§ **EXERCISE INSTRUCTIONS**: Would you copy exactly the lines in the data below from the one that has "Paso Robles California" through the one that has "Ball Aunt Heart", dropping any pictures?

§ **EXTRACTED DATA**:
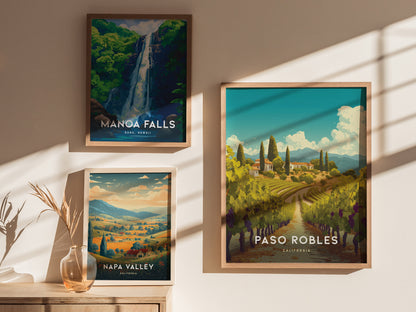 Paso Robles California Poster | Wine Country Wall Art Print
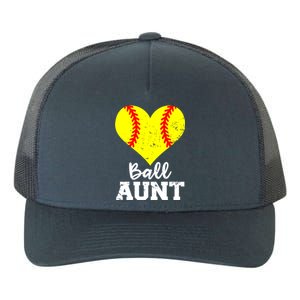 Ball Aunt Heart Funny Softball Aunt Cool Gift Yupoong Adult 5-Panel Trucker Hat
==
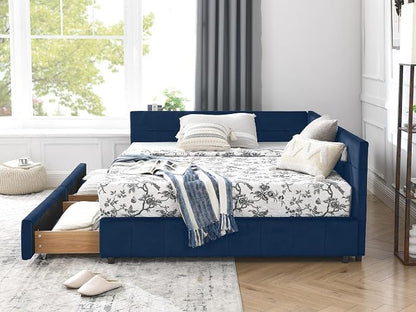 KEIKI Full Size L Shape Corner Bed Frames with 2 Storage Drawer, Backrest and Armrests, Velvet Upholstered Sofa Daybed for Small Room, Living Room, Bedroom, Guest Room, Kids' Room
--
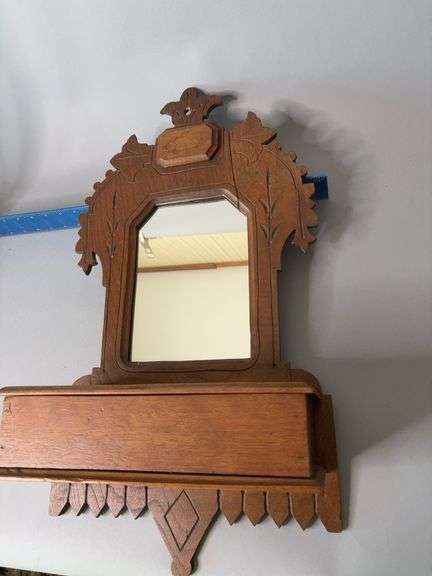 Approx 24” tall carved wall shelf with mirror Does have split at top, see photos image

§ **YOUR RESPONSE**:
 Paso Robles California Poster | Wine Country Wall Art Print
 Ball Aunt Heart Funny Softball Aunt Cool Gift Yupoong Adult 5-Panel Trucker Hat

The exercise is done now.